Benefits and learnings
Pearce said that the implementation and rollout of PagerDuty was relatively simple - being an SaaS product that could integrate with the company's single sign on solution. The company has also benefited from running its entire infrastructure on AWS, Pearce added, where it uses CloudWatch as its primary monitoring software. This meant that Gousto already had very standardised ways of deploying its services into production and very standardised approaches to setting alarms, configuring trigger points and understanding anomalies.
What PagerDuty has allowed Gousto to do is bring the data out of those systems and make it easy to manage for developers. Pearce said:
All of that underlying intelligence was in those systems, it was just very hard to manage. And what PagerDuty allowed us to do is essentially plug that layer on top. And then it was simply a case of taking the rotas and some of the things that we used to manage manually and just representing those in the right escalation paths, the right teams, the right service mapping in PagerDuty. So there is an element of configuration there, but we were up and running within a few days.
Gousto is measuring the success of its systems operations and maintenance in a number of ways. The teams regularly assess metrics, such as meantime to resolve and meantime to identify, which PagerDuty has allowed it to do more easily. Pearce added:
It's allowed us to have a much more granular view of what the stability of the systems is across our teams, which of our teams needs support, etc. And then all of that comes up to service uptime. We measure core journeys on our website and on our apps - we're constantly measuring those in production. And if we ever had any issues then we are alerted to those essentially through outside-in monitoring. So, the overall service of the customer.
However, the main learning from Gousto as it thinks about its technology performance and system uptime, is that the project with PagerDuty has been successful because it already had a lot of foundational elements in place. It had thought about monitoring and processes, prior to looking for a tool to automate. Pearce believes that this is key. He said:
You've got to get the foundations right in your team first. We were quite lucky to do that quite early on, so we had the right architecture which allows us to separate our concerns and have teams that are fully accountable for components in production. And we standardised a lot of our monitoring infrastructure and our ways of working there. We'd also standardised some of our processes as well.
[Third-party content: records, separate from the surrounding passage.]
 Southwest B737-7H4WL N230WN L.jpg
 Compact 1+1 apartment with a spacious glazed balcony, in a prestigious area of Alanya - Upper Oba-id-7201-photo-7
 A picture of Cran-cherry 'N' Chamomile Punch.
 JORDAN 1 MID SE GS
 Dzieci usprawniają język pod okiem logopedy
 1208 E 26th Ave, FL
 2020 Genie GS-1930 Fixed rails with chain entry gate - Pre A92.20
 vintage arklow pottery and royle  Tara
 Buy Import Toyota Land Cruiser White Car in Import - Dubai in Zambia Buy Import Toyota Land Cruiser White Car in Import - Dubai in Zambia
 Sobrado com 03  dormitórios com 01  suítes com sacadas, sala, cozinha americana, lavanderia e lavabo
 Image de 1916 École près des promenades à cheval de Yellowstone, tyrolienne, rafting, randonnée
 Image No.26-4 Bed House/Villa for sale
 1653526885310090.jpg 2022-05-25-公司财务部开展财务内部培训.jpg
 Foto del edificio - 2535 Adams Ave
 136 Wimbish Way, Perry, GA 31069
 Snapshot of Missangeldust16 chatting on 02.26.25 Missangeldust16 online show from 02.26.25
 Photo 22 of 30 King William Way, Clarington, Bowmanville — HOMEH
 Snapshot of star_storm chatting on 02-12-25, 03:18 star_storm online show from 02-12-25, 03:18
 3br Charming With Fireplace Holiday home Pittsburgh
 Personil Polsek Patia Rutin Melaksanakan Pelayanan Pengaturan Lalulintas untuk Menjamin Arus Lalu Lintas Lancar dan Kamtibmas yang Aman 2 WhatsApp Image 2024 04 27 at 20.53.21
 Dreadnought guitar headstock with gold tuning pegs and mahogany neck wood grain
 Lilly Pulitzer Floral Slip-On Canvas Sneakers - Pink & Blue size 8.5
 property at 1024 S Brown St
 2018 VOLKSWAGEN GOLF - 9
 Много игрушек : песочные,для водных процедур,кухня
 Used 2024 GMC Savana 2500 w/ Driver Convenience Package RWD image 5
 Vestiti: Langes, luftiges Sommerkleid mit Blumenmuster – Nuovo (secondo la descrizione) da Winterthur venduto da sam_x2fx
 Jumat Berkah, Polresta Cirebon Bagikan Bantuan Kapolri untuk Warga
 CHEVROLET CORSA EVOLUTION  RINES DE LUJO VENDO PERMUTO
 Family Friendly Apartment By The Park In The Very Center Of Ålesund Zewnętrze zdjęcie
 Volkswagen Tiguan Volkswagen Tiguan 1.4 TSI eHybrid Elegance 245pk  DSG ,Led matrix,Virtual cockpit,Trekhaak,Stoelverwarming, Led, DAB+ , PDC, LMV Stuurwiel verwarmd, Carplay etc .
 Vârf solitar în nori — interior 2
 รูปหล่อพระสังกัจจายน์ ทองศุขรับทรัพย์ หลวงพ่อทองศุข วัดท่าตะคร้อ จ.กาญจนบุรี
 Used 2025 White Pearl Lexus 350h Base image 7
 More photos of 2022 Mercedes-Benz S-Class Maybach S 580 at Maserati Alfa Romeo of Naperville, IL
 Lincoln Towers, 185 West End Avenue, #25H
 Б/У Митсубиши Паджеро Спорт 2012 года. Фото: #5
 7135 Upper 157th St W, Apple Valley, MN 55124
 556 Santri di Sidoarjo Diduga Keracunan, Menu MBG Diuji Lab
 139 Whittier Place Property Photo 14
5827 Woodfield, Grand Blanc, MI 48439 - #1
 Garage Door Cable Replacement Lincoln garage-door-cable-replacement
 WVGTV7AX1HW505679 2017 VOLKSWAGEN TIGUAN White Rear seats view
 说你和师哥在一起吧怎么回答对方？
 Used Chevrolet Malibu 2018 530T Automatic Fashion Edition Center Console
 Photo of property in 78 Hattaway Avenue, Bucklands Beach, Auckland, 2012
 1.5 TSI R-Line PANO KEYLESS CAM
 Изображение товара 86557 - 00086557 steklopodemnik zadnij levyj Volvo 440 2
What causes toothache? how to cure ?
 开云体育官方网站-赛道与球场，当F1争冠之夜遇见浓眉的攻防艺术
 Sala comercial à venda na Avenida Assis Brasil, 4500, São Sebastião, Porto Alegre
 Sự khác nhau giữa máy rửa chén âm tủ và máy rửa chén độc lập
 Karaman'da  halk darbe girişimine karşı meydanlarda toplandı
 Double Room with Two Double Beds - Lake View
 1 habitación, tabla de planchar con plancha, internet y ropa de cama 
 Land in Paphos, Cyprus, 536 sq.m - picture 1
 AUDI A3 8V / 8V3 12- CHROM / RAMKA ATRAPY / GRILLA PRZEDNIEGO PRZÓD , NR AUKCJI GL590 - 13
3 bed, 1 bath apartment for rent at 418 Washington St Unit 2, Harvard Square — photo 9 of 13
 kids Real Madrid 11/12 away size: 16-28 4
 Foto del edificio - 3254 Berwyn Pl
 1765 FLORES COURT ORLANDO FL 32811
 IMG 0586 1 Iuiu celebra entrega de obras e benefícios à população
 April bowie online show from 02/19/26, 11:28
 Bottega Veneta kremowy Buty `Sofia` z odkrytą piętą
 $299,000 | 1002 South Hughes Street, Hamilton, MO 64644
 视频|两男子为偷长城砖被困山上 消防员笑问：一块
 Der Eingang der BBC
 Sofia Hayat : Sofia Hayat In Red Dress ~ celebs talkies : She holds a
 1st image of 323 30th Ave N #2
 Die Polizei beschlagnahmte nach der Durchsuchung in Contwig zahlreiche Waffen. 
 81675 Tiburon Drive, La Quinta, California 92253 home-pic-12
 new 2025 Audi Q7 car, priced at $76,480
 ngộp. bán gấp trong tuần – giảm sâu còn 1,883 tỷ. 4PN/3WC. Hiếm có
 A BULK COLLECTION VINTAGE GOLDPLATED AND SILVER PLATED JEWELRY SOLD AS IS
What that meant is that the implementation of PagerDuty was relatively simple and we could adopt it fairly quickly. I've worked in teams where some of those foundational elements are only being looked at once you're at 100 people, 150 people, and that's where it's difficult because you've got a huge amount of legacy, a huge amount of tech debt, a huge amount of process debt, a huge amount of culture debt, which you've almost got to fix to be able to leverage tools like PagerDuty well. You can mature very quickly if you've got some of those foundational things in place.